ARAMEANS

ARAMEANS

Semitic ethnic group between Syria and the Euphrates, mentioned in the Amarna letters and in an inscription of Tiglath-pileser I.

The Old Testament gives the name “Aram Naharaim”, “Aram of the two Rivers”, to the territory included between the upper reaches of the Euphrates and the Tigris (Gen. 24:10; Paddan-aram, Gen. 25:20, etc. .). There was Haran, Abraham’s homeland.

Tradition links Jacob with this region, which in Deut. 26:5 is called the Arameans. In the time of David and Solomon there existed, among others, the following Aramaic states: Samal, in northern Syria;
Zobah, between Anti-Lebanon and the Syro-Arabian desert and in the upper valley of the Leontes (2 Sam. 8:3 ff.);
Beth-rehob (2 Sam. 10:6), Maacah, Geshur and Damascus.

The Assyrians put an end to the independence of these tribes and states, also that of the kingdom of Damascus in the year 732 BC. The Arameans achieved great influence in Assyria.

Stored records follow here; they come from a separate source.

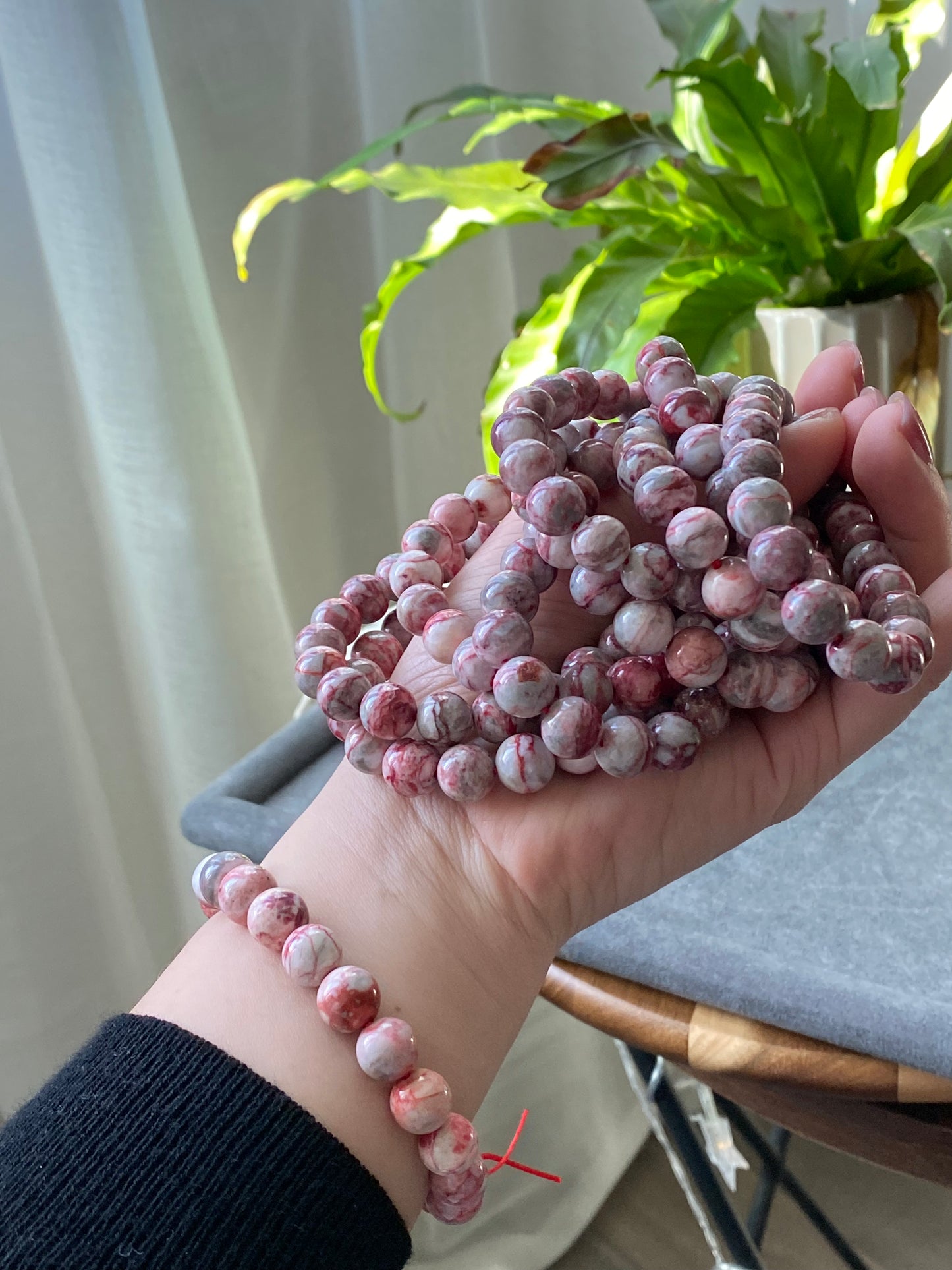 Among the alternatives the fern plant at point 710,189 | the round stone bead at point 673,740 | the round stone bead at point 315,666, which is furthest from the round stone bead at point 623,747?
the fern plant at point 710,189

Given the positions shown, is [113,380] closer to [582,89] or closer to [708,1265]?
[582,89]

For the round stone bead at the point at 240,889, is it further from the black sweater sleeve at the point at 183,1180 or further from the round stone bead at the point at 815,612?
the round stone bead at the point at 815,612

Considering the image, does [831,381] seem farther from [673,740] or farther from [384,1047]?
[384,1047]

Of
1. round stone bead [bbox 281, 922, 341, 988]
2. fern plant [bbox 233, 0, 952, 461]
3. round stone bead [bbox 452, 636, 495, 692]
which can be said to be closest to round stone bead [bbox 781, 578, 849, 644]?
round stone bead [bbox 452, 636, 495, 692]

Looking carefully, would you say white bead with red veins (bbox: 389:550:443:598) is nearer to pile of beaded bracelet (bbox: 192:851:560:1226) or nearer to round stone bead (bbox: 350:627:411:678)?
round stone bead (bbox: 350:627:411:678)

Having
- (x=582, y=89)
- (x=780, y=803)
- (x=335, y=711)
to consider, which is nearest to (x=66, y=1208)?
(x=335, y=711)

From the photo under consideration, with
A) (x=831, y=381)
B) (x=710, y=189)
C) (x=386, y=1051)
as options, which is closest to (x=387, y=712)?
(x=386, y=1051) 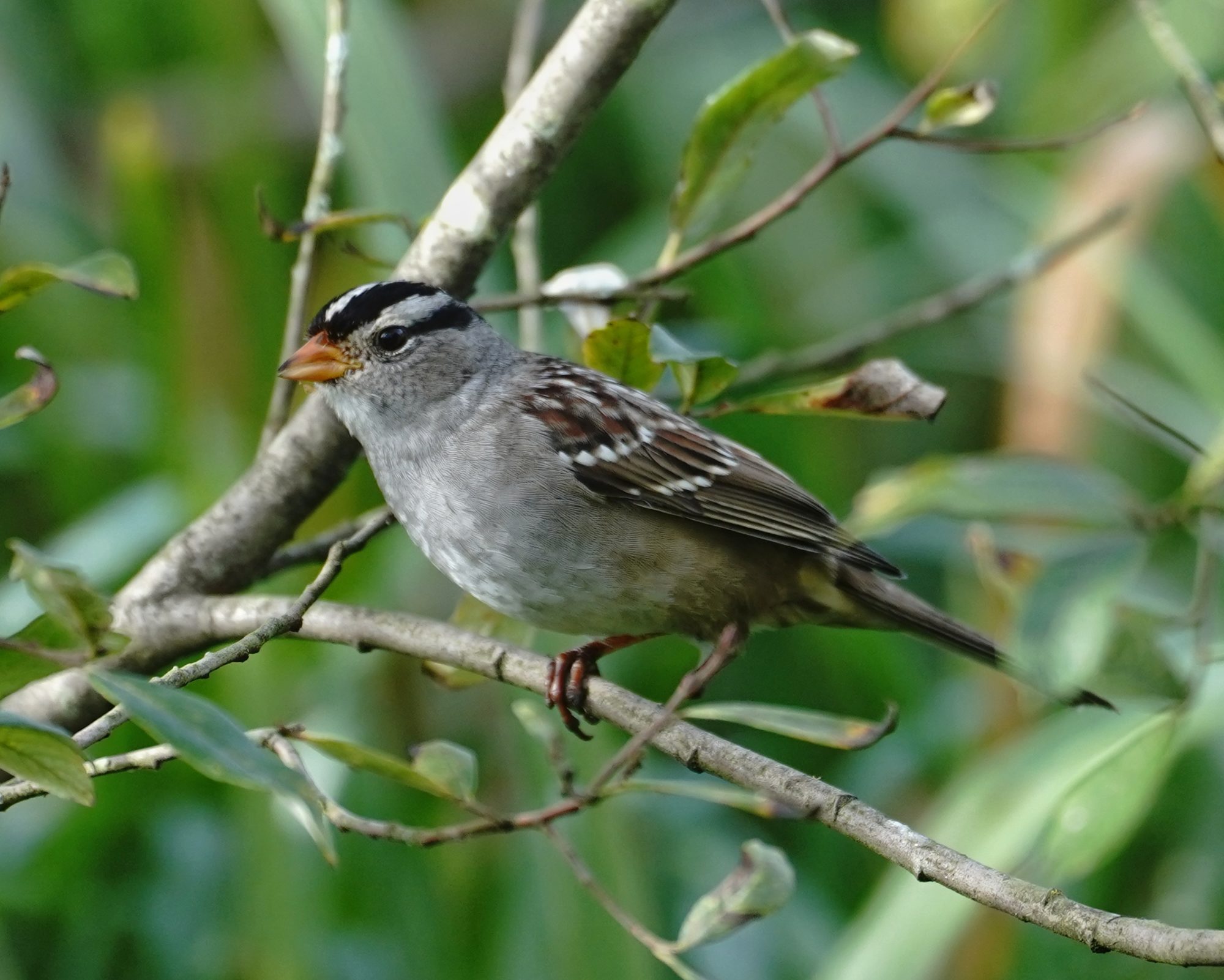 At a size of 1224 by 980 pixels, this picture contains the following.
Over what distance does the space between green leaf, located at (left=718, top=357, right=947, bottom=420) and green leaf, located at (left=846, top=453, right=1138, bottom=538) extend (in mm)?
186

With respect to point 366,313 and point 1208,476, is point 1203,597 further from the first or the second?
point 366,313

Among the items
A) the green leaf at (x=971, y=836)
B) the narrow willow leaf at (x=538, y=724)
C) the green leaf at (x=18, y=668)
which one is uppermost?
the green leaf at (x=18, y=668)

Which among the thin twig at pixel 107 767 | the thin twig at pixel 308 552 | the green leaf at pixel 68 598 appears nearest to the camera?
the green leaf at pixel 68 598

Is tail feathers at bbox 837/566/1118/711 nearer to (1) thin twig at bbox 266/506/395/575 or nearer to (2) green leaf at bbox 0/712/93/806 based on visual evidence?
(1) thin twig at bbox 266/506/395/575

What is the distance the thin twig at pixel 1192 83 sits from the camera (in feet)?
5.22

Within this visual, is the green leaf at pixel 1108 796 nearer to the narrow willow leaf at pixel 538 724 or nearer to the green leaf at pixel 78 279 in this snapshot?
A: the narrow willow leaf at pixel 538 724

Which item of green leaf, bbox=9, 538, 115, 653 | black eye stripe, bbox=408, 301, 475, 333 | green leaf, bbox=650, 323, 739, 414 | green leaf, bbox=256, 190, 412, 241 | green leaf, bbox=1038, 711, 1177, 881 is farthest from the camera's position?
black eye stripe, bbox=408, 301, 475, 333

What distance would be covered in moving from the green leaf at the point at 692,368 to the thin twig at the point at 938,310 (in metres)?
0.35

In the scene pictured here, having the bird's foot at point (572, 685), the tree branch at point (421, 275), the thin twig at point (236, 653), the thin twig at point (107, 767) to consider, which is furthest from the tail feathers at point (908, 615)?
the thin twig at point (107, 767)

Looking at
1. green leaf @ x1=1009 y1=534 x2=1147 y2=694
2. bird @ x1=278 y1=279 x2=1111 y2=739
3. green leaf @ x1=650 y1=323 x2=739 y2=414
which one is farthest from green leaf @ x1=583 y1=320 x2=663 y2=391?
green leaf @ x1=1009 y1=534 x2=1147 y2=694

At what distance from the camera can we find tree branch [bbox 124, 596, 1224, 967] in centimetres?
97

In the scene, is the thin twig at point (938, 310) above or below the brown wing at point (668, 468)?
above

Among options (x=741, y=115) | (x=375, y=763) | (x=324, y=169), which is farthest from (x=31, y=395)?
(x=741, y=115)

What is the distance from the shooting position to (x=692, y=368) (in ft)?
4.93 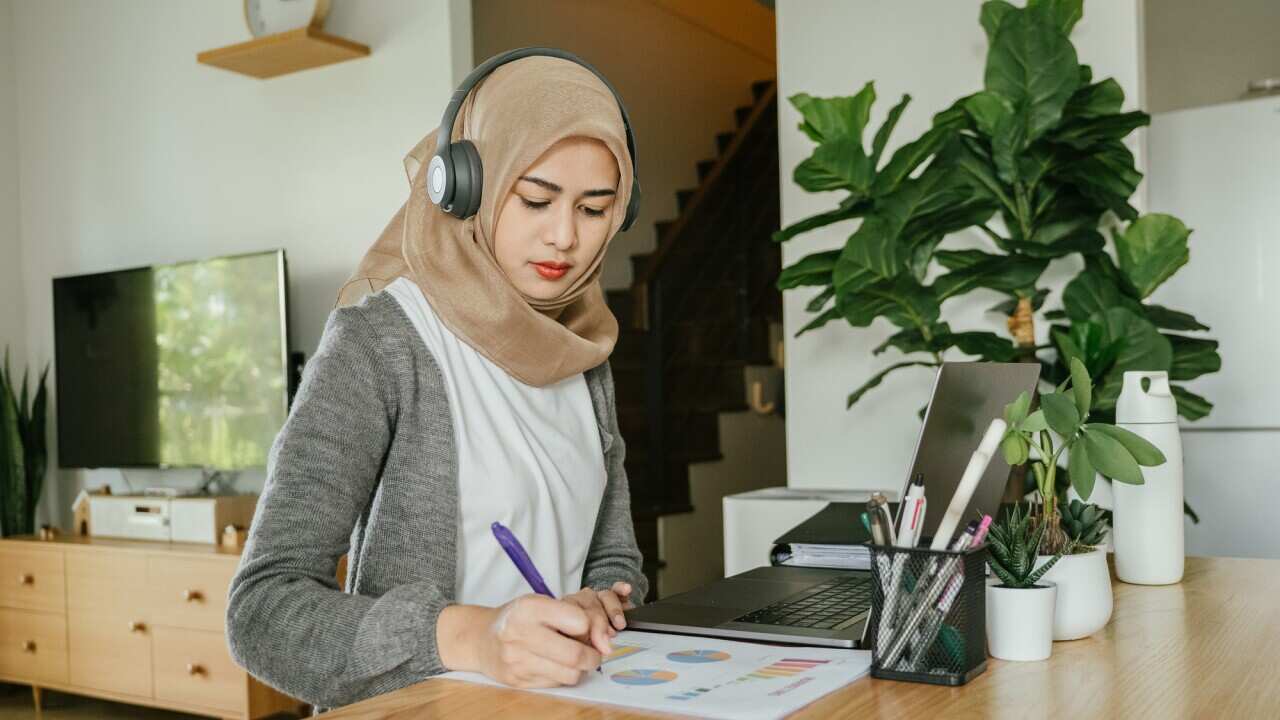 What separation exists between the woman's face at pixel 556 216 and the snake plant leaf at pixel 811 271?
1.70 metres

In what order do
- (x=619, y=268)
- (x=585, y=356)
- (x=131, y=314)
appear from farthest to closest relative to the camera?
(x=619, y=268)
(x=131, y=314)
(x=585, y=356)

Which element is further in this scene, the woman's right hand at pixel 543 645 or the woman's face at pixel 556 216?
the woman's face at pixel 556 216

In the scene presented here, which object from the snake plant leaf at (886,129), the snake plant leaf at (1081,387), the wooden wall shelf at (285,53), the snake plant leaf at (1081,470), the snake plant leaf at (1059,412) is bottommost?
the snake plant leaf at (1081,470)

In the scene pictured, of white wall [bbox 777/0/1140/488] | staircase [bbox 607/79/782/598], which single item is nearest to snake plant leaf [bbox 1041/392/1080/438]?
white wall [bbox 777/0/1140/488]

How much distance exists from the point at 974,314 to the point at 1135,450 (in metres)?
2.14

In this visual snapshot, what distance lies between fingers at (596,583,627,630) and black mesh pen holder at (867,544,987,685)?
0.96 ft

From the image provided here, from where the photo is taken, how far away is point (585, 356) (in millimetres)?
1424

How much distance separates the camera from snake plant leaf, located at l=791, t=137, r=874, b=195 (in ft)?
9.36

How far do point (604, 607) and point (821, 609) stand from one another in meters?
0.23

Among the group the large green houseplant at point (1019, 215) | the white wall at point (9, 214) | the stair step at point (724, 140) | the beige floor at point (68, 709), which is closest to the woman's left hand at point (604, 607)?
the large green houseplant at point (1019, 215)

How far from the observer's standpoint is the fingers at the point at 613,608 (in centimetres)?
117

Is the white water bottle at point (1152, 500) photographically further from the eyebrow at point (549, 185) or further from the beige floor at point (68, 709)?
the beige floor at point (68, 709)

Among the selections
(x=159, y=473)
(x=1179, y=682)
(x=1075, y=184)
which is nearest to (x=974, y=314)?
(x=1075, y=184)

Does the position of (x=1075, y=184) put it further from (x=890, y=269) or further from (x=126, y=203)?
(x=126, y=203)
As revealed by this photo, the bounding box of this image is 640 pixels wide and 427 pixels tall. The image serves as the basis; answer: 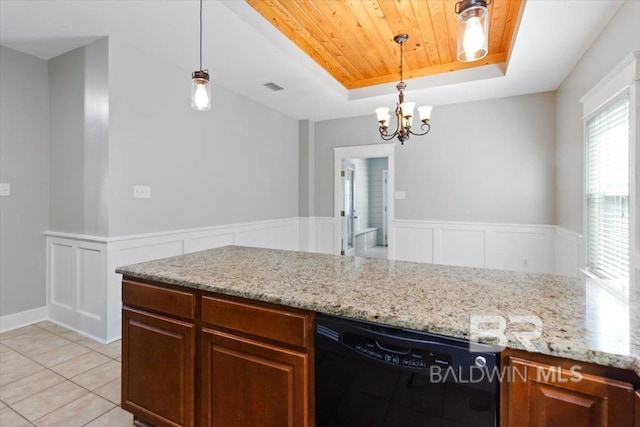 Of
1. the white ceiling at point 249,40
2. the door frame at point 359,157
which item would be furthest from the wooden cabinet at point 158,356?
the door frame at point 359,157

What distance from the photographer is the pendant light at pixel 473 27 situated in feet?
3.93

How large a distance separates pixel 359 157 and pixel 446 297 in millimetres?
4097

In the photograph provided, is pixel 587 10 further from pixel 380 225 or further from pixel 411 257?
pixel 380 225

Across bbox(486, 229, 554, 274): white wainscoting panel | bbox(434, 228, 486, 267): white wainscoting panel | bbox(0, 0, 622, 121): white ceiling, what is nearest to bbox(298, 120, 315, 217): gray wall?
bbox(0, 0, 622, 121): white ceiling

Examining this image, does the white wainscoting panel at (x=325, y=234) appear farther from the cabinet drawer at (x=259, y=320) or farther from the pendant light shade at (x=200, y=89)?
the cabinet drawer at (x=259, y=320)

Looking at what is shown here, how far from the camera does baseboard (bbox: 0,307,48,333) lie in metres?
2.94

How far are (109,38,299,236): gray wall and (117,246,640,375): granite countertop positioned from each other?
4.85ft

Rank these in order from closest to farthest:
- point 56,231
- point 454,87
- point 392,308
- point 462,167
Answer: point 392,308 → point 56,231 → point 454,87 → point 462,167

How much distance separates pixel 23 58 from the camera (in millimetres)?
2998

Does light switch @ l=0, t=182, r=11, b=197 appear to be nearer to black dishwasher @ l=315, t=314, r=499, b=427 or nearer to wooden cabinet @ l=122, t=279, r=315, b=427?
wooden cabinet @ l=122, t=279, r=315, b=427

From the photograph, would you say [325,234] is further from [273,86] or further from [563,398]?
[563,398]

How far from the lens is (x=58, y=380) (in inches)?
86.0

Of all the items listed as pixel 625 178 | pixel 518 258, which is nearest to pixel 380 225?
pixel 518 258

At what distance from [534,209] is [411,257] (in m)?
1.68
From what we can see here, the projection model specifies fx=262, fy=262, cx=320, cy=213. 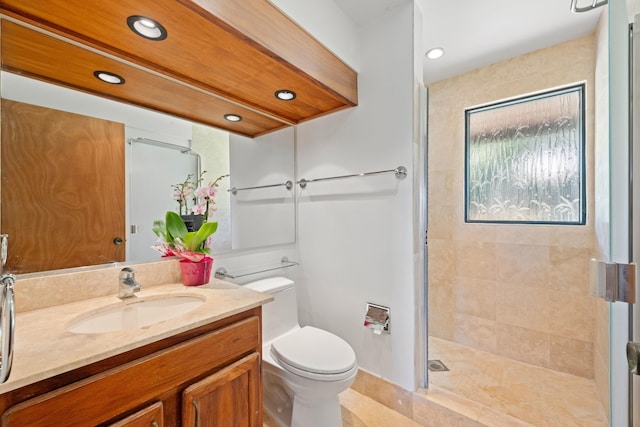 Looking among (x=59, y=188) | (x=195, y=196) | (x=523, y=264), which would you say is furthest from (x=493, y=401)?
(x=59, y=188)

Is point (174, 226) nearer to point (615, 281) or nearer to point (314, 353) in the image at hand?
point (314, 353)

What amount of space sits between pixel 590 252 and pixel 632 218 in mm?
1587

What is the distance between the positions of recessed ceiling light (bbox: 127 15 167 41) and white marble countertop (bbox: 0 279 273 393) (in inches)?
42.8

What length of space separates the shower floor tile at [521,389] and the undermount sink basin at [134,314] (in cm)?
156

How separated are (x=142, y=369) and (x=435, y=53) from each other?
2.46m

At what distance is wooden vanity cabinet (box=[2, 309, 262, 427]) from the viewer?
2.04ft

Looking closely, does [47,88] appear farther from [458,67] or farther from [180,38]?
[458,67]

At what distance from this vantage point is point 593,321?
5.72ft

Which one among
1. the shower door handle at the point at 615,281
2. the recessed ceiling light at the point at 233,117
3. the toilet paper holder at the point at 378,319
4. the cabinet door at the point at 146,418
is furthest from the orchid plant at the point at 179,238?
the shower door handle at the point at 615,281

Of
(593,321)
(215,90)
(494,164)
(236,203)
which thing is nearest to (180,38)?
(215,90)

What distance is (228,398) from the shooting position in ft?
3.12

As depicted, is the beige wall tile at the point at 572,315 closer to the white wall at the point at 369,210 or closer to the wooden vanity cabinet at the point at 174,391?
the white wall at the point at 369,210

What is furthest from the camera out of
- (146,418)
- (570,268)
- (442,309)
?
(442,309)

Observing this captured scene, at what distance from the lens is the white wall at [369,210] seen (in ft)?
5.10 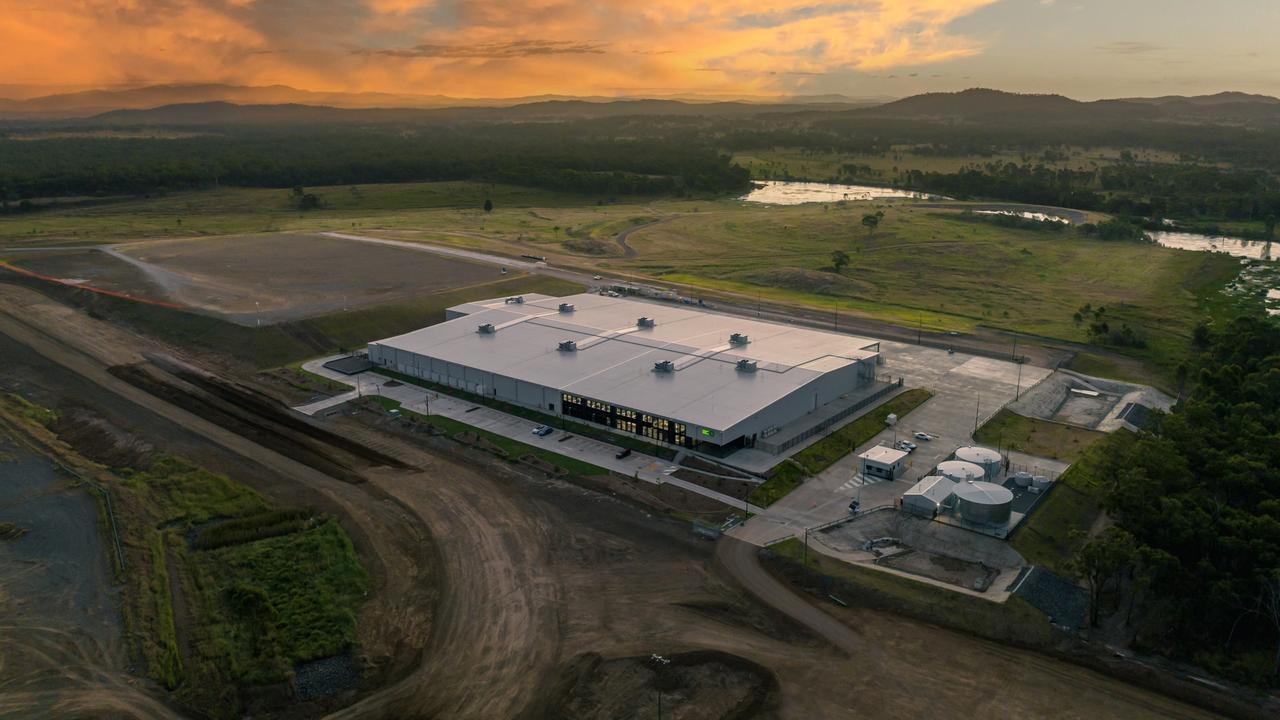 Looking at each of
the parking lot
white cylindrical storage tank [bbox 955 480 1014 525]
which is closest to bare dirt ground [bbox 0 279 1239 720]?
the parking lot

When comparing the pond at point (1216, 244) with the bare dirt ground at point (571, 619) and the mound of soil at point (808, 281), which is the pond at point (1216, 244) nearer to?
the mound of soil at point (808, 281)

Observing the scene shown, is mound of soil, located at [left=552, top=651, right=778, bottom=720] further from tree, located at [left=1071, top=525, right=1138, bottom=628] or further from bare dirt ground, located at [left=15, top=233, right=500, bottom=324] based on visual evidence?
bare dirt ground, located at [left=15, top=233, right=500, bottom=324]

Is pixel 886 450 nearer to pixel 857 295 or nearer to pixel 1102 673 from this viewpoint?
pixel 1102 673

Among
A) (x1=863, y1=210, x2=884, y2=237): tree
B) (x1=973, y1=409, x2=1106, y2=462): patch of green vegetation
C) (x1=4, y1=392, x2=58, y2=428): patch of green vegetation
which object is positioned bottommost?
(x1=973, y1=409, x2=1106, y2=462): patch of green vegetation

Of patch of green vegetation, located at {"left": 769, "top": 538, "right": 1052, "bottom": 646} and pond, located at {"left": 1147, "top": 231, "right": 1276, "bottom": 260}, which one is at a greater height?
pond, located at {"left": 1147, "top": 231, "right": 1276, "bottom": 260}

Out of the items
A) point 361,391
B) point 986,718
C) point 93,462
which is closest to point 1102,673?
point 986,718

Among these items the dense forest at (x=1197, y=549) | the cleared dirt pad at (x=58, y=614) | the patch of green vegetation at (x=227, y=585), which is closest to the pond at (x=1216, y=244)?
the dense forest at (x=1197, y=549) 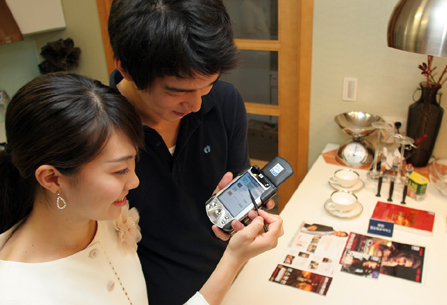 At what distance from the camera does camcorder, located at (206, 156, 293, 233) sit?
0.99 m

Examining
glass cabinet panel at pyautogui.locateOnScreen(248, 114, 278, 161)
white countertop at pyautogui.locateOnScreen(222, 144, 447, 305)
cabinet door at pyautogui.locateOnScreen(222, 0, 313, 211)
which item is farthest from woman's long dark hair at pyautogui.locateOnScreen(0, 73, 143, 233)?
glass cabinet panel at pyautogui.locateOnScreen(248, 114, 278, 161)

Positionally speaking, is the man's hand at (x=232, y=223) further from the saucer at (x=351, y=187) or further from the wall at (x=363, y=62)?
the wall at (x=363, y=62)

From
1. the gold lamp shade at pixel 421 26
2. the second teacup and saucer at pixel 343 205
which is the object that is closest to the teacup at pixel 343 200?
the second teacup and saucer at pixel 343 205

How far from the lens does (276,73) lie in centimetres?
203

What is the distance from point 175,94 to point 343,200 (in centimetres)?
86

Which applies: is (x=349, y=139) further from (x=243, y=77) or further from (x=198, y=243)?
(x=198, y=243)

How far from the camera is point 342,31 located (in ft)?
5.68

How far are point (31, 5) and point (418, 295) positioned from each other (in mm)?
2371

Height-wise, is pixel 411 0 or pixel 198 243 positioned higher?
pixel 411 0

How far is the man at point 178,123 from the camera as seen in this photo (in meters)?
0.79

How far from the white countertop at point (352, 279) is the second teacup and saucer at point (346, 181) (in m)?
0.12

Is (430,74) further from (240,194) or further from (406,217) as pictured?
(240,194)

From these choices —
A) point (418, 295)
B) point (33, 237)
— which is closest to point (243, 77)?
point (418, 295)

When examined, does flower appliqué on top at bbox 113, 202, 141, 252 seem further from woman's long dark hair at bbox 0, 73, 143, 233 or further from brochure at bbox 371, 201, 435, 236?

Their language became the language of commerce, and later the common language. Meanwhile, the Aramean people of the Chaldeans had settled in the region of the mouth of the Euphrates and the Tigris and had increased more and more in power. This group Aramaized the kingdom and, starting with the Neo-Babylonian dynasty, also achieved political power.